FIG. 2 is an enlarged, cross-sectional view of a fiber employed in the assembly of fibers comprising the batt of the press felt of FIG. 1, the fiber having a deep grooved configuration in accordance with the concepts of the present invention;
FIG. 3 is an enlarged, sectional view of a portion of the fiber in FIG. 2;
FIG. 4 is a schematic, side elevation view of a press felt embodying the concepts of the present invention transporting a sheet of paper fibers through the press nip rollers within the press section of a papermaking machine; and
FIG. 5 is a representative drop of liquid on a flat film.
A cross-sectional view of one schematically representative form of a press felt or fabric suitable for transporting a sheet of paper fibers through the press section of a papermaking machine and made in accordance with the concepts of the present invention is indicated generally by the numeral 10 in FIG. 1 of the accompanying drawings. The representative form of press felt 10 is shown schematically in cross section in FIG. 1 inasmuch as various forms of press felts, such as batt-on-base felts, baseless felts, batt-on-mesh felts, felts with no-crimp base fabric, composite fabrics, and laminated (stratified) press felts, can be made as commonly known in the art.

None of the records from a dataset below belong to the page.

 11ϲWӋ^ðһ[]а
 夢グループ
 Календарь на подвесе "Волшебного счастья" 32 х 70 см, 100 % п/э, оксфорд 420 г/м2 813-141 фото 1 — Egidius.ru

Generally, such press fabrics include a base fabric 12 and one or more layers of an assembly of fibers, such as batt 14, securely attached to the base fabric 12 as by needle punching using a needle punching apparatus such as shown schematically at 16, the apparatus 16 having needles 18 for punching the assembly of fibers 14 into the base fabric 12. Preferably and with reference to both FIGS. 1 and 4, where only one layer of fibers 14 is employed, it is needle punched into the side 20 of the base fabric 12 facing the sheet of paper fiber 22, i.e., the paper side of the base fabric, and is, therefore, disposed generally between the base fabric 12 and the sheet of paper fibers 22. When a second layer of batt fibers is employed such as shown as 24 in FIG. 1, it may be needle punched into the other side 26 of the base fabric facing or contacting the roller(s) 28 of the papermaking machine, i.e., the machine side of the base fabric, or may be needle punched through the paper side of the base fabric to the machine side. Various methods of application (e.g., needle punching) of the assembly of fibers 14 to the base fabric 12 are known in the art and any conventional method which sufficiently and securely attaches the assembly of fibers 14 to the base fabric 12 will be suitable for the present invention. Usually, multiple layers of fibers 14 are needle punched into the base fabric 12.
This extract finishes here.